• [Provided data]:
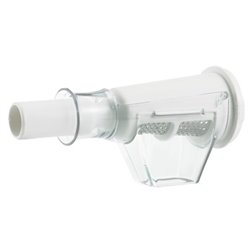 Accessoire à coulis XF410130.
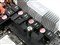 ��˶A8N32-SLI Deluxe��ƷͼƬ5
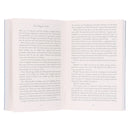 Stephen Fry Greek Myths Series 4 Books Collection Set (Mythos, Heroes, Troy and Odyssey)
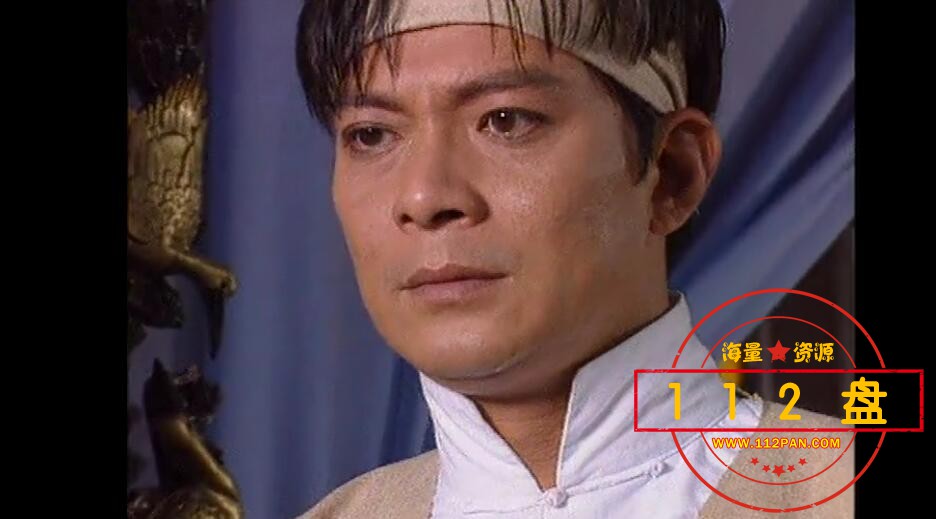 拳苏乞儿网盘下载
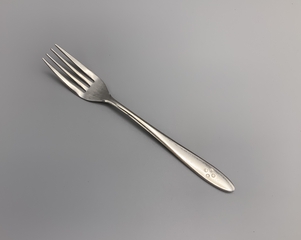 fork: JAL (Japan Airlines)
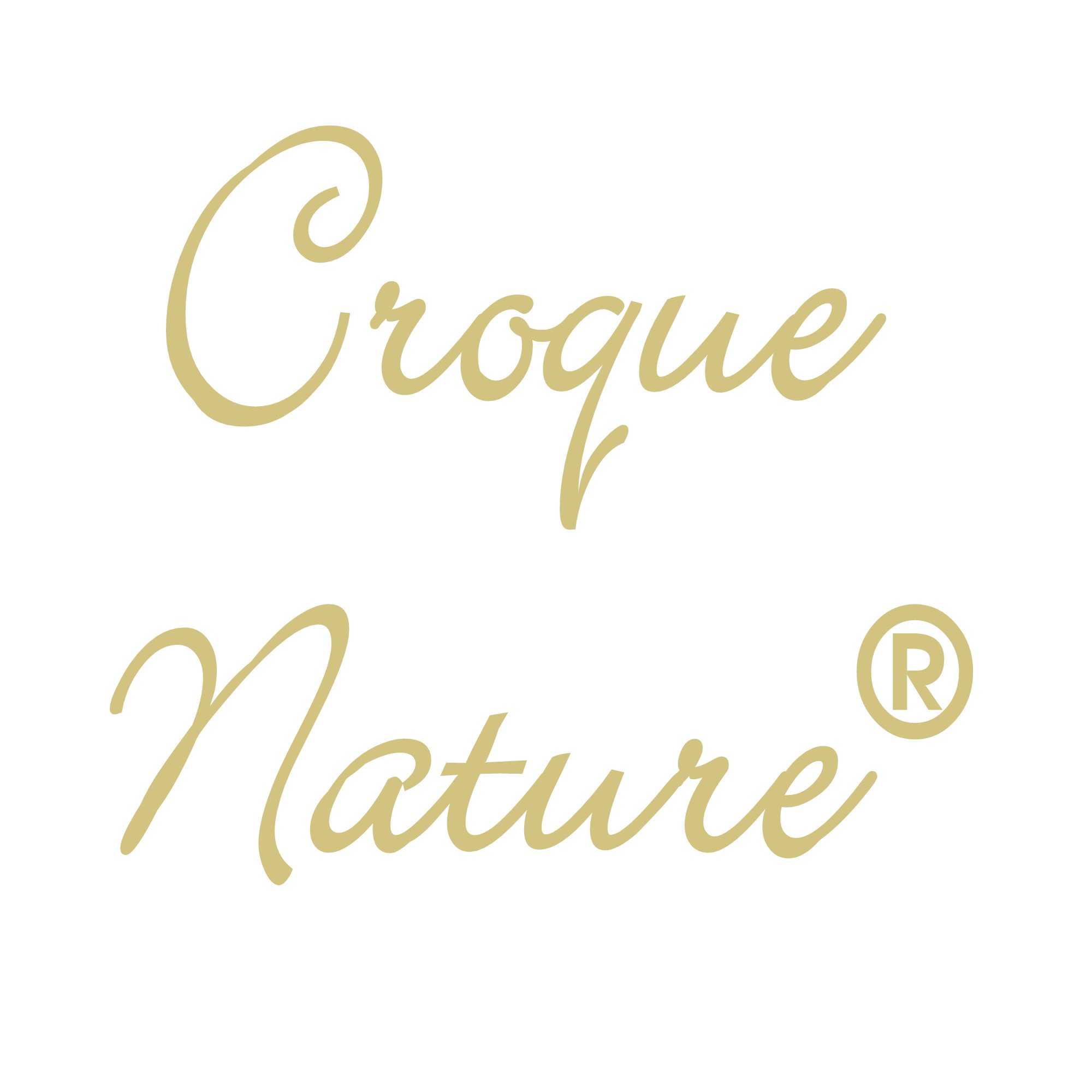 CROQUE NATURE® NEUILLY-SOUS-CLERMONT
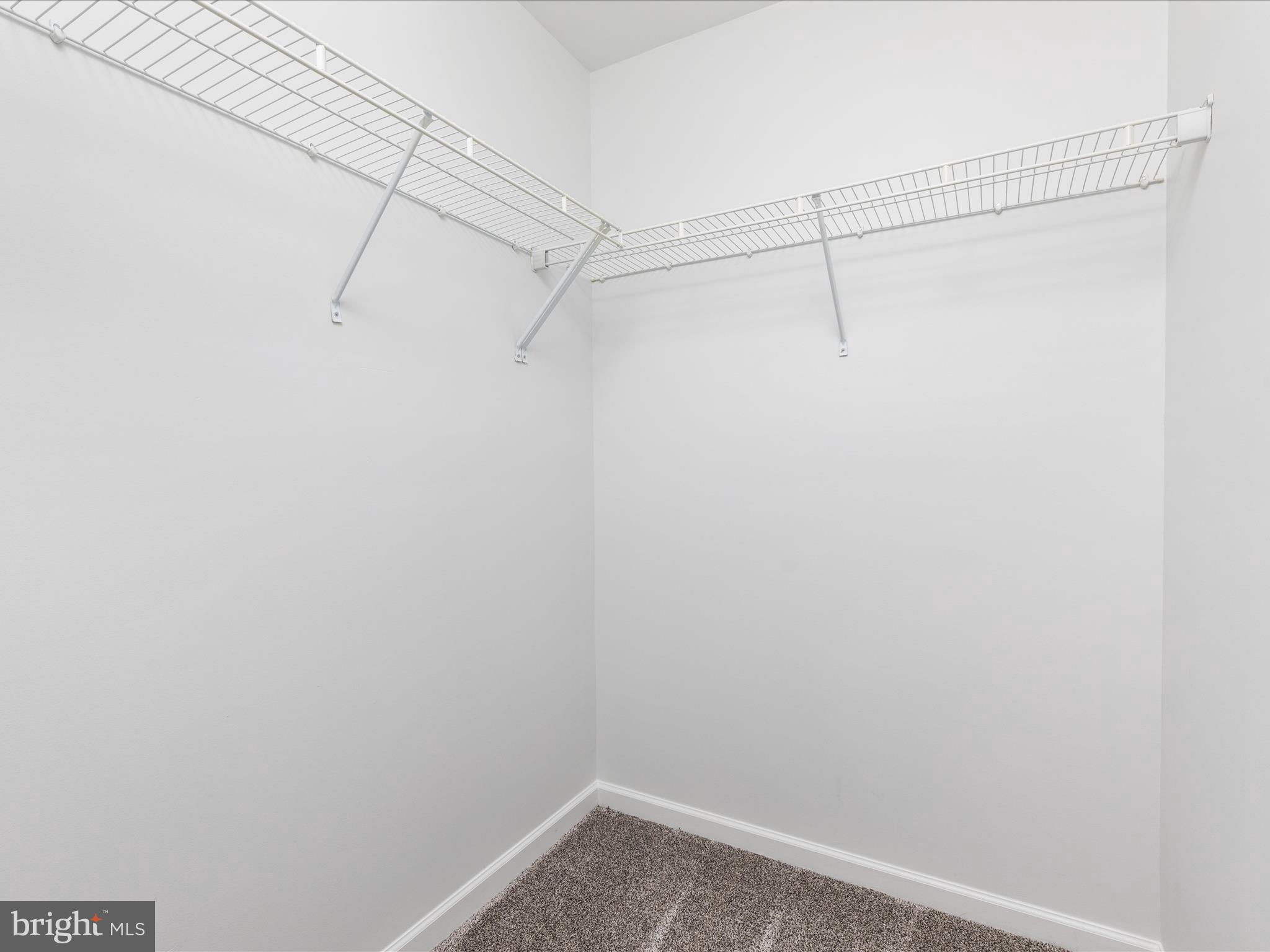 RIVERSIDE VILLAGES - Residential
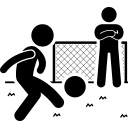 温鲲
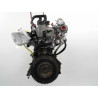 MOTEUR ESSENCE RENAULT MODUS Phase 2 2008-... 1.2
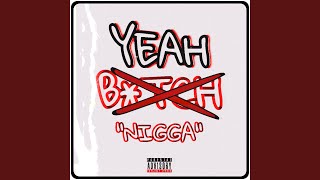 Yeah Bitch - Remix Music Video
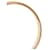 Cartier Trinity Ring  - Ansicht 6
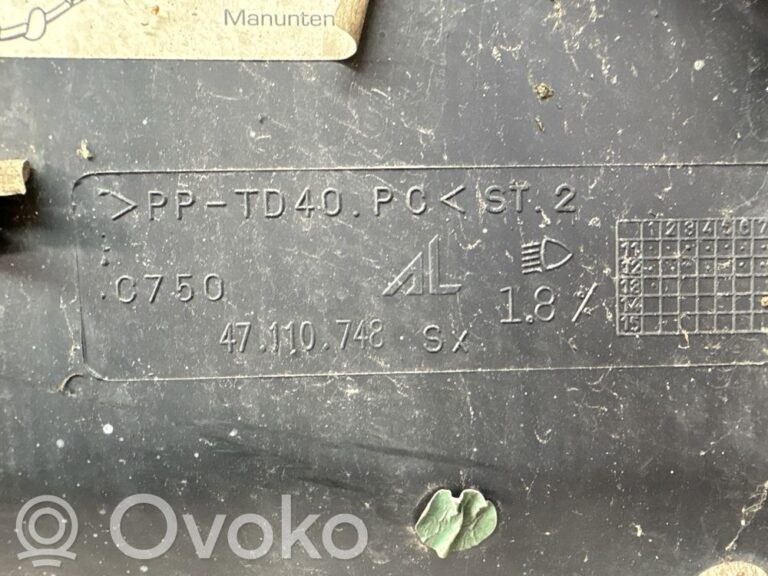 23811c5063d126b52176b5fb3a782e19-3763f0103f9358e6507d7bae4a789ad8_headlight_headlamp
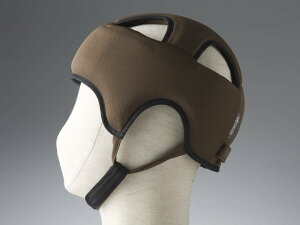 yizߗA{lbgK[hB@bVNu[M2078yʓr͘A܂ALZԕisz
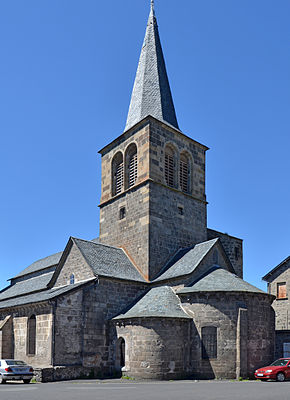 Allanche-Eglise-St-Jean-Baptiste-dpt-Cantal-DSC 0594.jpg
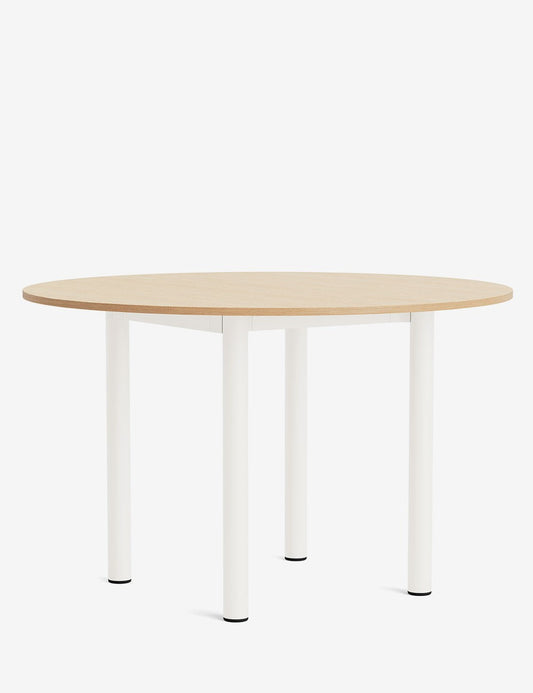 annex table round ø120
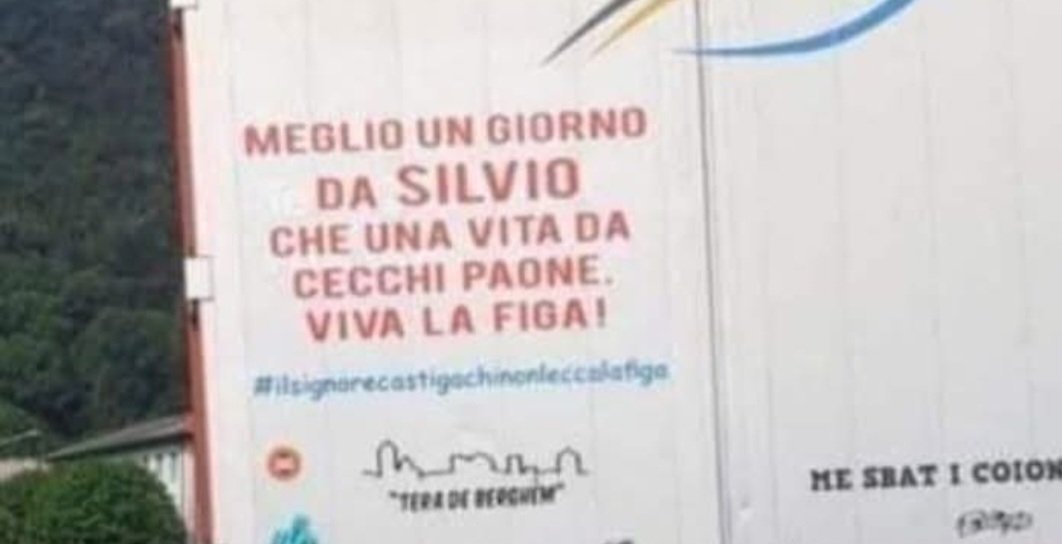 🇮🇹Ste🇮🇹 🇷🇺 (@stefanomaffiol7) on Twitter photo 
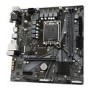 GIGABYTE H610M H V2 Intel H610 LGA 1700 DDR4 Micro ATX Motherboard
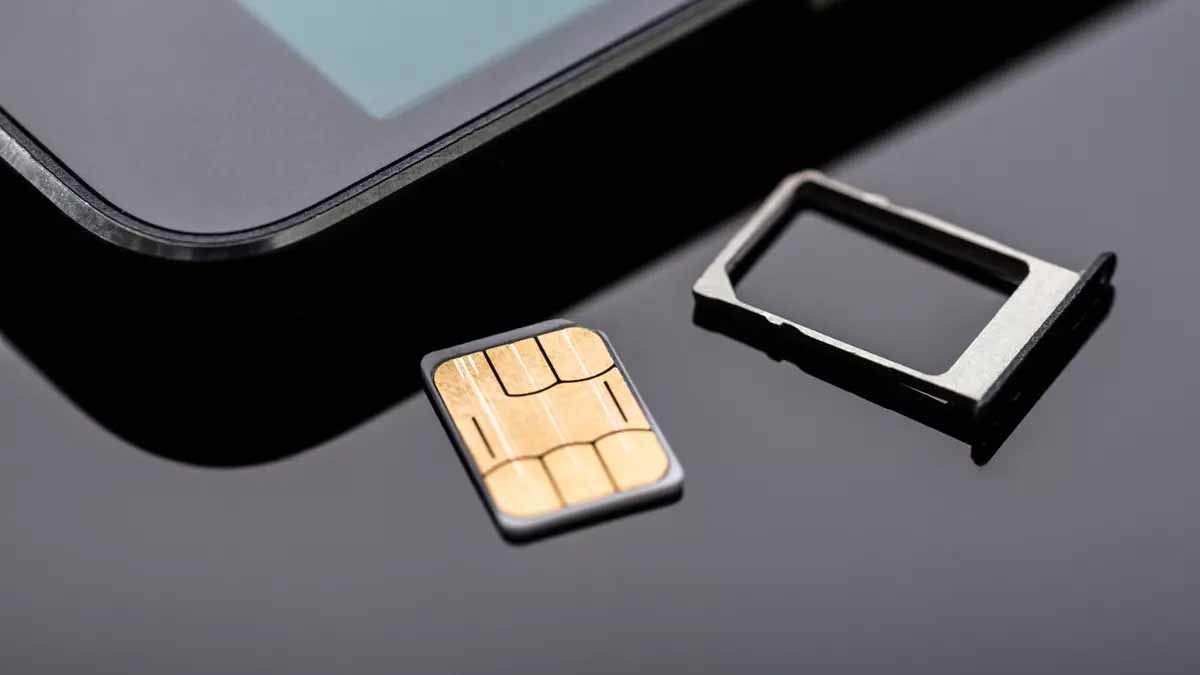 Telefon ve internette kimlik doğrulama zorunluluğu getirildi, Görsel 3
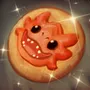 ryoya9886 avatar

• [Work request]: Letter for letter, reproduce every record above and skip the pictures.

• [Exercise solution]:
 Accessoire à coulis XF410130.
 ��˶A8N32-SLI Deluxe��ƷͼƬ5
 Stephen Fry Greek Myths Series 4 Books Collection Set (Mythos, Heroes, Troy and Odyssey)
 拳苏乞儿网盘下载
 fork: JAL (Japan Airlines)
 CROQUE NATURE® NEUILLY-SOUS-CLERMONT
 RIVERSIDE VILLAGES - Residential
 温鲲
 MOTEUR ESSENCE RENAULT MODUS Phase 2 2008-... 1.2
 Yeah Bitch - Remix Music Video
 Cartier Trinity Ring  - Ansicht 6
 23811c5063d126b52176b5fb3a782e19-3763f0103f9358e6507d7bae4a789ad8_headlight_headlamp
 yizߗA{lbgK[hB@bVNu[M2078yʓr͘A܂ALZԕisz
 Allanche-Eglise-St-Jean-Baptiste-dpt-Cantal-DSC 0594.jpg
 annex table round ø120
 🇮🇹Ste🇮🇹 🇷🇺 (@stefanomaffiol7) on Twitter photo 
 GIGABYTE H610M H V2 Intel H610 LGA 1700 DDR4 Micro ATX Motherboard
 Telefon ve internette kimlik doğrulama zorunluluğu getirildi, Görsel 3
 ryoya9886 avatar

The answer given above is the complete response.